● What the task asks
For the entries below, the result should be an exact transcription of the lines from the one with "Recyclage et déchets" up to and including the one with "Giacca in denim", and only those.

------ Information shown

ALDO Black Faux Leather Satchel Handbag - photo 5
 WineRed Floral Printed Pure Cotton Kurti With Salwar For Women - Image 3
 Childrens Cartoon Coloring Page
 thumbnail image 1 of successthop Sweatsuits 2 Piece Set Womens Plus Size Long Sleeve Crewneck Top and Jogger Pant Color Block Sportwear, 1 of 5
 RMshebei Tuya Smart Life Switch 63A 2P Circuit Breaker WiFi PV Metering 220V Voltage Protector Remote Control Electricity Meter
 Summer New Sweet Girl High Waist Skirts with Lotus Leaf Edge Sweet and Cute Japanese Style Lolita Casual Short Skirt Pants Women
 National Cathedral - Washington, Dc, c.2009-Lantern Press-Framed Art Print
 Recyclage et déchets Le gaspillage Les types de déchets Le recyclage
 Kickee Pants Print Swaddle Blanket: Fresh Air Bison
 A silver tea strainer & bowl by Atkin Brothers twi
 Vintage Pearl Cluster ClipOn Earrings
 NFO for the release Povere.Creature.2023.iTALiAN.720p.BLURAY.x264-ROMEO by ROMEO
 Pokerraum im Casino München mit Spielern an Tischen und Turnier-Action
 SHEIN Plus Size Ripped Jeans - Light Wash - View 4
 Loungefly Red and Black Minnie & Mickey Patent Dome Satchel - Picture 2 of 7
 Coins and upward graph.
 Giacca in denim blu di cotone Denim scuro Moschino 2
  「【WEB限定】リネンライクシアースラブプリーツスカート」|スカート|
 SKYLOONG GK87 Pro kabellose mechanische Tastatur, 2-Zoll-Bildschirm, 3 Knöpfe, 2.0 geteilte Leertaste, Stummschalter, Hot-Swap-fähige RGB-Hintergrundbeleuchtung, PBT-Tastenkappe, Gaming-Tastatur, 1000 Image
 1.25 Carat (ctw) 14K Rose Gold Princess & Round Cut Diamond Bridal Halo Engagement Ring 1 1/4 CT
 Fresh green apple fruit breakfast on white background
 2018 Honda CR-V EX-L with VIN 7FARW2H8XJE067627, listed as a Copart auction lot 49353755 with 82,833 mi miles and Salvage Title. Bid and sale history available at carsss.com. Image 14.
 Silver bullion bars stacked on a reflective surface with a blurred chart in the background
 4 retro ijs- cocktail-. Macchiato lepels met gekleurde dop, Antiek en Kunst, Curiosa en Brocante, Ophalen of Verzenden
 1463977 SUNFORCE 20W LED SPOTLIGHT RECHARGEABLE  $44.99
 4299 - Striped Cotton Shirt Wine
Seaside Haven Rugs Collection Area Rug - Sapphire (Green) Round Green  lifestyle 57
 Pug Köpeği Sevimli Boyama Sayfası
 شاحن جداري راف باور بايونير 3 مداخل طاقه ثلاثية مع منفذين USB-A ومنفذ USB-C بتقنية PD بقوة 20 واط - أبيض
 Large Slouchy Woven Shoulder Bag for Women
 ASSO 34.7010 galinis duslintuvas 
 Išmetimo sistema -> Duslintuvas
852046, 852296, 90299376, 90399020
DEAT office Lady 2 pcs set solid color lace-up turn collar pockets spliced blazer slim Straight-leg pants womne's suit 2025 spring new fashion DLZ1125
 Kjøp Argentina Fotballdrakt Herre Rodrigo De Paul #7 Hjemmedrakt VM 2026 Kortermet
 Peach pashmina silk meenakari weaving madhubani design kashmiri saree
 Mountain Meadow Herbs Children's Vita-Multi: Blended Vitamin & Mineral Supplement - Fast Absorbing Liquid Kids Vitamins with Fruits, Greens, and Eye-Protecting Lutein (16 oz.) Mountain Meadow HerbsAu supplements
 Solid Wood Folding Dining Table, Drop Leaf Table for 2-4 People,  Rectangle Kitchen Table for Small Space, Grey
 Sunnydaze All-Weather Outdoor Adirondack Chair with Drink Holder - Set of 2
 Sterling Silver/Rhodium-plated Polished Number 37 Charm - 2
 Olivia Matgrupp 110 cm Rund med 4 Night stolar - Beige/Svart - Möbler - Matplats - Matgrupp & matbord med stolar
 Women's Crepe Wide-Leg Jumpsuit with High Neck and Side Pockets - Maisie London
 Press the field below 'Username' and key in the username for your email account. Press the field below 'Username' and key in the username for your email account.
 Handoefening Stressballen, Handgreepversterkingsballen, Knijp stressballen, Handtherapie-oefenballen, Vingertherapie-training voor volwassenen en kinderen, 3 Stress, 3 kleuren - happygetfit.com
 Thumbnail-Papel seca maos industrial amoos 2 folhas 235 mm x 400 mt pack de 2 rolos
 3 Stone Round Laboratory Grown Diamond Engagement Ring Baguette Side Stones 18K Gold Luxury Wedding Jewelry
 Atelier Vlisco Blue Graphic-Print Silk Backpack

------------

● Problem solution
 Recyclage et déchets Le gaspillage Les types de déchets Le recyclage
 Kickee Pants Print Swaddle Blanket: Fresh Air Bison
 A silver tea strainer & bowl by Atkin Brothers twi
 Vintage Pearl Cluster ClipOn Earrings
 NFO for the release Povere.Creature.2023.iTALiAN.720p.BLURAY.x264-ROMEO by ROMEO
 Pokerraum im Casino München mit Spielern an Tischen und Turnier-Action
 SHEIN Plus Size Ripped Jeans - Light Wash - View 4
 Loungefly Red and Black Minnie & Mickey Patent Dome Satchel - Picture 2 of 7
 Coins and upward graph.
 Giacca in denim blu di cotone Denim scuro Moschino 2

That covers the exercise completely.